Laser beams propagating in the atmosphere suffer from adverse effects due to the atmospheric optical characteristics and laser system features, which broaden the beam radius and weaken the encircled mean intensity. The wave-optics-based four-dimensional codes work with redundant inputs and slow speed, failing to meet the requirements of rapid assessment for practical applications. Researchers have made efforts to develop new methods, holding reasonable accuracy, calculating quickly and easily, without consideration of the mesh size and computational stability as wave optics programs. Integrated with characteristic parameters of laser system and atmosphere, the scale law has received much attention and is widely used in system design and applications with lots of computation.

Current laser beam propagation scale law is based on radius-square-sum (RSS) assumption, meaning that the resulting far-field radius is the root of the sum of radii squared of the individual effect contributions. The RSS assumption lacks scientific foundation and may bring some errors in use. Besides, though the accuracy of scale law is crucial for reliable analysis, few reports on the accuracy of scale models have been released. Furthermore, previous attention was focused mainly on flat-top source, thus the effect of new features of Gaussian source, such as truncating extent, on far-field spot has not been well studied.

Theoretical analysis and numerical simulations are used to build the scale model. Analytical expression of 63.2% encircled power radius in the far-field of infinite Gaussian source is deduced on the basis of Huygens-Fresnel principle, showing that the radius is a function of wavelength, distance and aperture. When the Gaussian source is truncated, split-step wave optics simulations are used to obtain the far-field radii corresponding to 63.2% and 86.5% encircled power. Referring to the analytical expression of infinite Gaussian source, a radius scale function for truncated Gaussian source is built, and the scale exponents are given for different truncating factors. On the basis of established turbulent spread radius expression of infinite Gaussian beam, a radius scale model is given for truncated Gaussian source propagating through turbulence, showing that the scale exponent varies with the value of truncating factor.

When the mutual interaction among diffraction, beam quality, jitter of platform and optical turbulence is considered, the generally used RSS assumption is improved to a modified version which is named MRSS method. This new method introduces three scale exponents and an exponent term which consists of the ratio of two different characteristic radii in order to promote the model's applicability. For Gaussian source with truncating factor of 22 propagating in vacuum, the split-step wave optics simulations are operated in a wide range of parameter space shown in Table 2, with Fresnel number changing from 1.0 to 6003.4. The far-field radius scale models based on RSS assumption and MRSS method are built respectively, and the exponents are fixed with the help of genetic algorithm. Comparison with numerical simulations shows that the mean relative errors of the results from the model based on MRSS method are smaller than those based on RSS assumption.

A similar process is conducted to build the scale model of far-field radius and encircled mean intensity for the Gaussian source with truncating factor of 22 propagating in turbulent atmosphere.

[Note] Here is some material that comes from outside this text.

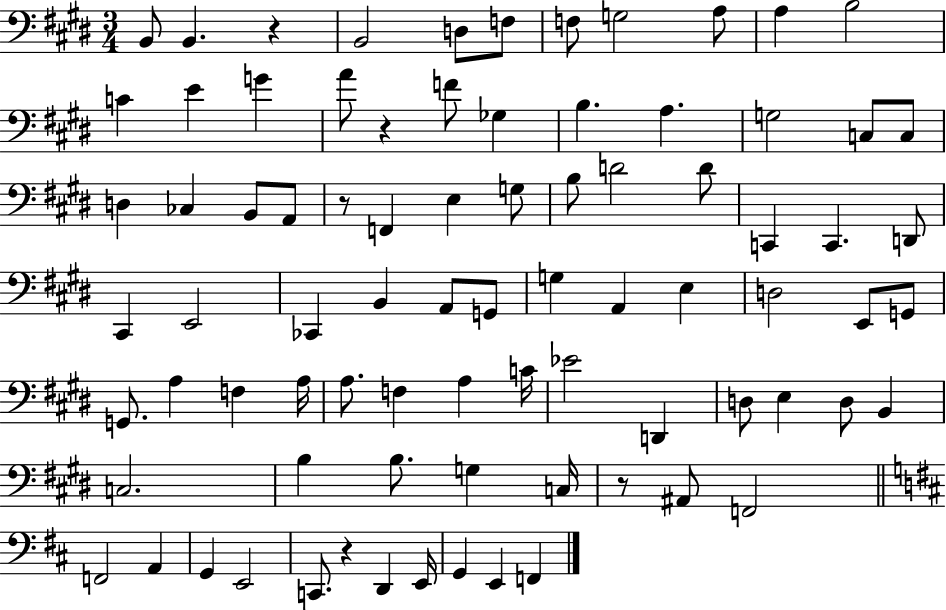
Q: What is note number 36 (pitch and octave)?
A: E2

The numerical simulations are conducted with the Hufnagel-Valley optical turbulence profile, and with the propagating distance and other parameters varying in a wide range shown in Table 3. Comparison with numerical simulations shows that the accuracy of the model based on MRSS method is higher than that based on RSS assumption.

When the Gaussian source is truncated, the far-field radius of free diffraction in vacuum and turbulent spread in atmosphere is affected by the truncating factor, as the scale exponents vary with Fa, as shown in Fig. 1 and Fig. 2(b), respectively. For the scale models based on RSS assumption, aVR gives a mean relative error of 3.12%, as shown in Fig. 4(c), while aLR gives a mean relative error of 4.15%, as shown in Fig. 6(c). For the scale models based on MRSS method, aV gives a mean relative error of 1.55%, as shown in Fig. 4(c), while aL gives a mean relative error of 1.92%, as shown in Fig. 7(c). The mean relative error of mean intensity is 8.33% based on RSS assumption, and 3.80% based on MRSS method. In summary, the accuracy of the models based on MRSS method is higher than those based on RSS assumption.

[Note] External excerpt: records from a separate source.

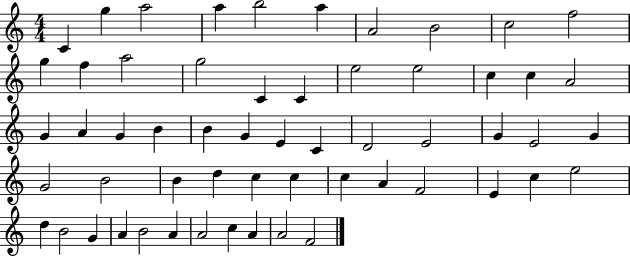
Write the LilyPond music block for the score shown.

{
  \clef treble
  \numericTimeSignature
  \time 4/4
  \key c \major
  c'4 g''4 a''2 | a''4 b''2 a''4 | a'2 b'2 | c''2 f''2 | \break g''4 f''4 a''2 | g''2 c'4 c'4 | e''2 e''2 | c''4 c''4 a'2 | \break g'4 a'4 g'4 b'4 | b'4 g'4 e'4 c'4 | d'2 e'2 | g'4 e'2 g'4 | \break g'2 b'2 | b'4 d''4 c''4 c''4 | c''4 a'4 f'2 | e'4 c''4 e''2 | \break d''4 b'2 g'4 | a'4 b'2 a'4 | a'2 c''4 a'4 | a'2 f'2 | \break \bar "|."
}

The expression of aL based on MRSS method is equivalent to ad for ideal Gaussian beam propagating in vacuum, and to aV when the interaction among diffraction, beam quality and jitter of platform is considered. When only turbulence spread is considered, the optical quality of aL works well with the optical quality of turbulence spread radius, as shown in Fig. 8.

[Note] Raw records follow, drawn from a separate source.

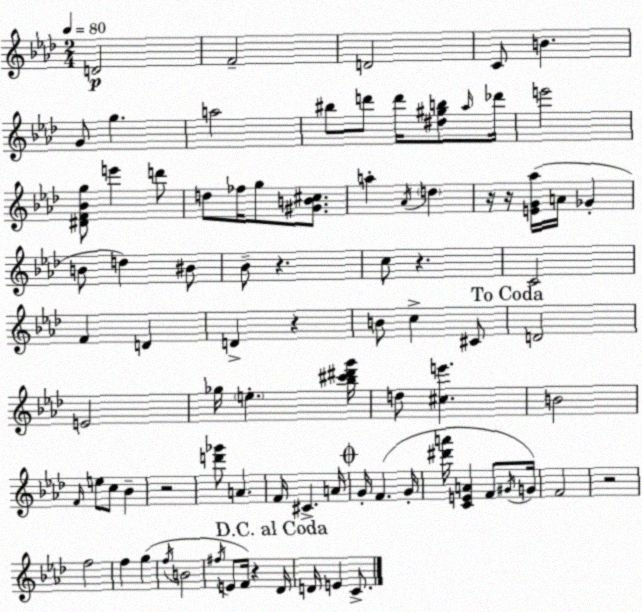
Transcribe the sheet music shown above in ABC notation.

X:1
T:Untitled
M:2/4
L:1/4
K:Ab
D2 F2 D2 C/2 B G/2 g a2 ^b/2 d'/2 d'/4 [^d^gb]/2 _a/4 _d'/4 e'2 [^DF_Bg]/2 e' d'/2 d/2 _f/4 g/2 [^GB^c]/2 a _A/4 d z/4 z/4 [EG_a]/4 A/4 _G B/2 d ^B/2 _B/2 z c/2 z C2 F D D z B/2 c ^C/2 D2 E2 _g/4 e [_b^c'^d'g']/4 d/2 [^ce'] B2 F/4 e/2 c/2 _B z2 [d'_g']/2 A F/4 ^C A/4 G/4 F G/4 [^d'a']/4 [CEA] F/2 ^G/4 G/4 F2 z2 f2 f g f/4 B2 ^f/4 E/2 F/4 z _D/4 D/4 E C/2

The scale models of far-field radius and encircled mean intensity for truncated Gaussian source are built in vacuum and turbulent atmosphere. Comparison with split-step wave optics simulations shows that the proposed MRSS method is able to improve the accuracy and applicability of scale models. The results are discussed for Gaussian source with truncating factor of 22 and far-field radius of 63.2% encircled power ratio. However, scale exponents and accuracy for other conditions need more research.